Pabst has been in the beer business for almost 175 years, but it now seems to be facing a challenge that could threaten the viability of every one of its iconic brands—including that beloved hipster beacon PBR, which finished #2 in our blind tasting of 30 cheap macro lagers.
The conflict revolves around a lawsuit filed by Pabst against its Chicago-based contract brewer, MillerCoors. Because the modern Pabst largely does not brew for itself, and is more or less a holding corporation for iconic regional beer brands such as Rainier, Lone Star or Schlitz, MillerCoors has been producing the vast majority of beer brewing the “Pabst” title since a contract brewing agreement was put in place between the two companies in 1999. That agreement expires in 2020, at which time MillerCoors is apparently seeking to renegotiate much more expensive terms for Pabst—that, or stop brewing their products altogether, which is what Pabst believes the intent has been all along.
That scenario, wherein MillerCoors stops contract brewing for Pabst, would be a potentially devastating one for the latter. In its court filings, Pabst is arguing that MillerCoors is the only company that even has the 4 to 4.5 million barrels in annual capacity available for such a huge contract brewing assignment. Essentially, they’re saying that it would be impossible to find a replacement due to their size, and that MIllerCoors is attempting to eliminate some of its biggest competition in the marketplace by simply depriving that competition of brewing facilities to make its beer. Presumably, MillerCoors-owned brands (such as the surging Hamms, which was #1 in our cheap beer tasting) could then step in to snag a chunk of the market possessed by PBR and others.
The trial in Milwaukee’s County Circuit Court begins today, and it scheduled through Nov. 30. Pabst is seeking more than $400 million in damages, and for MillerCoors to be ordered to honor Pabst’s interpretation of their contract as far as renewal is concerned.
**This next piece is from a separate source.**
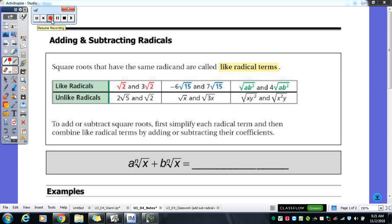We've done our simplifying radicals, which we keep working on because some people are struggling a little bit with it. Remember to make sure you always have your charts with you — your perfect squares, perfect cubes, fourths, fifths. Those will help you with your simplifying. We were multiplying and dividing, and we did our rationalizing denominators. So today we're going to move on to adding and subtracting our radicals.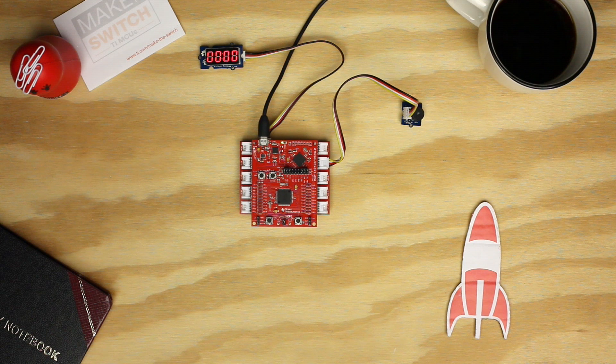You will also gain some great experience using the Energia IDE. The Grove Starter Kit allows modular connectivity so you can create an extensive array of solutions. Whether it be monitoring your moisture levels of your plants, controlling your home lighting, or simply waking you up in the morning, when combining TI's Launchpad with the Grove Starter Kit modules, the possibilities are endless.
According to Yahoo’s report on the trial:
Pabst’s attorneys have said in court documents and hearings that MillerCoors LLC is lying about its brewing capacity to break away from Pabst and capture its share of the cheap beer market by disrupting Pabst’s ability to compete. At a March hearing in which MillerCoors tried to have the lawsuit dismissed, Pabst attorney Adam Paris said “stunning documents” obtained from MillerCoors show that it went as far as hiring a consultant to “figure out ways to get rid of us.” MillerCoors has called that a mischaracterization of the consultant’s work.
Complicating matters is the potential closure of two MillerCoors brewing facilities in recent years; one in Eden, NC and the other (which hasn’t yet closed) in Irwindale, CA. As Yahoo puts it: “Pabst contends that MillerCoors refused to provide any information to substantiate its claim that it would no longer have the capacity to continue brewing Pabst’s beers, and that it wouldn’t consider leasing the Eden facility and would only sell it for an “astronomical” price.”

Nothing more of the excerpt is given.